I've switched monitors, switched inputs from VGA to HDMI to DVI tried various cables and it seems my machine only recognizes the monitor connected via VGA.
Windows 8.1, i7 3770, P8Z77-VLK, Radeon HD6450. Any Ideas, suggesyions would be greatly appreciated.


----------



## spunk.funk (May 13, 2010)

*Re: Can not get Windows 8.1 to recognize a 2nd monitor*

Update your video adapter driver to the lastest 8.1 driver: Desktop


----------



## Dark star Balla (Feb 16, 2008)

*Re: Can not get Windows 8.1 to recognize a 2nd monitor*

Do you mean the "Display Adapter"? It just shows the video card I installed and I've updated it.


----------



## spunk.funk (May 13, 2010)

*Re: Can not get Windows 8.1 to recognize a 2nd monitor*

Did you install the *Catalyst Software Suite*? If so, you would click on the Catalyst Control Pane licon in your Task Bar by the clock or in the Windows Control Panel and go to Dual Monitor configuration.
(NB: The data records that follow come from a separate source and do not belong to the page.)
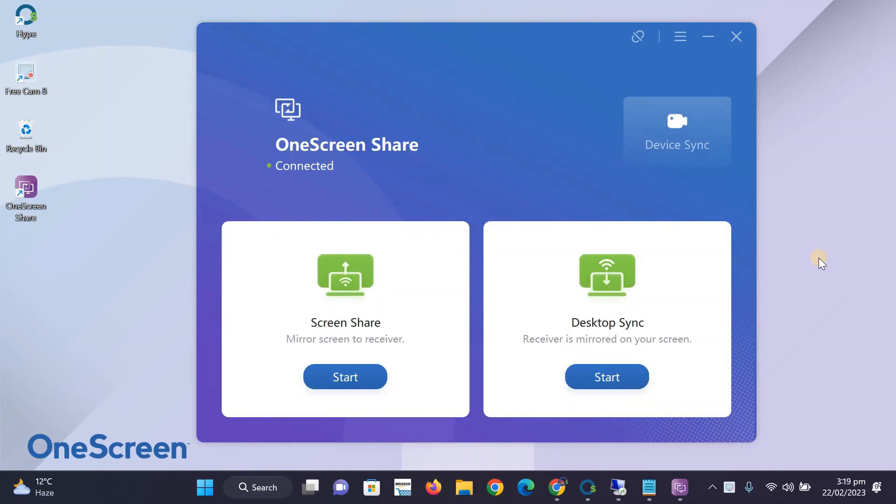Once your PC and the touchscreen are connected, you can wirelessly share the display of your PC on the TL7 by clicking on the Start button under Screen Share.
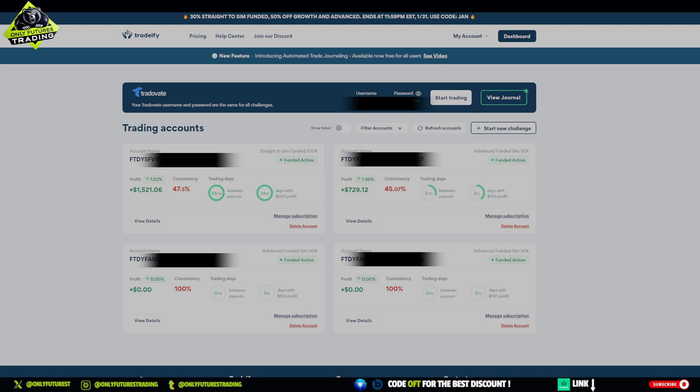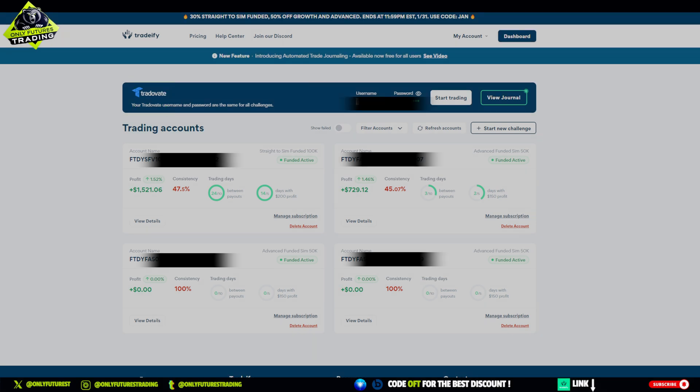The first thing you need to do is log in to your prop firm's dashboard and locate your Trade of Eight credentials. If you're using platforms like Tradeify, Apex, or Tick Tick Trader, you'll typically find these credentials in the account setup section.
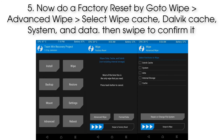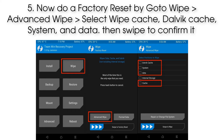Step 5: Now do a factory reset by going to Wipe, then Advanced Wipe. Select wipe Cache, Dalvik Cache, System, and Data, then swipe to confirm it.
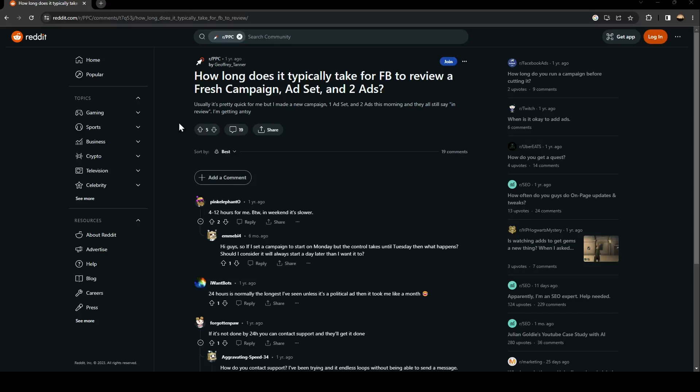Hello everyone and welcome back to a new video. In this video I'm going to show you guys how to fix Facebook ads in review. So if you guys are having the same problem right now, just follow the steps that I'm going to show you. As you can see, we are right now on Reddit so a guy here...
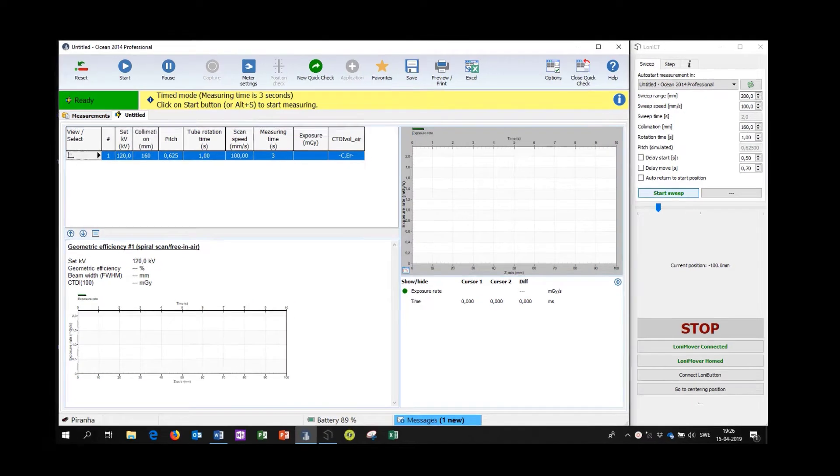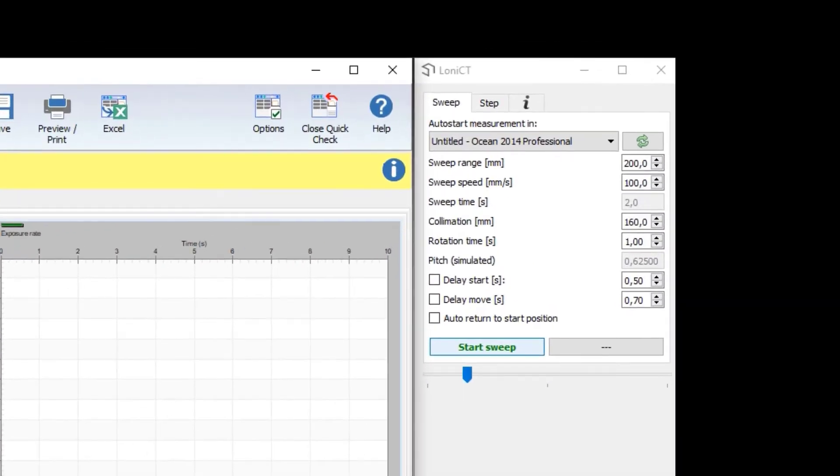The LONI mover is configured for a 200 mm sweep so that ample margin is ensured before and after the beam edges which should be about 160 mm apart.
If your second monitor is not displayed in Catalyst, make sure the input (DVI, HDMI etc) is selected on the controls on the monitor itself.


----------



## Dark star Balla (Feb 16, 2008)

*Re: Can not get Windows 8.1 to recognize a 2nd monitor*

thanks for all of your assistance. O was using vga to dvi connections which worked with my other card but not this. Connected dvi to dvi it recognized it.


----------



## spunk.funk (May 13, 2010)

*Re: Can not get Windows 8.1 to recognize a 2nd monitor*

Glad to see you got it sorted. Please mark this thread Solved in the Thread Tools at the top.


----------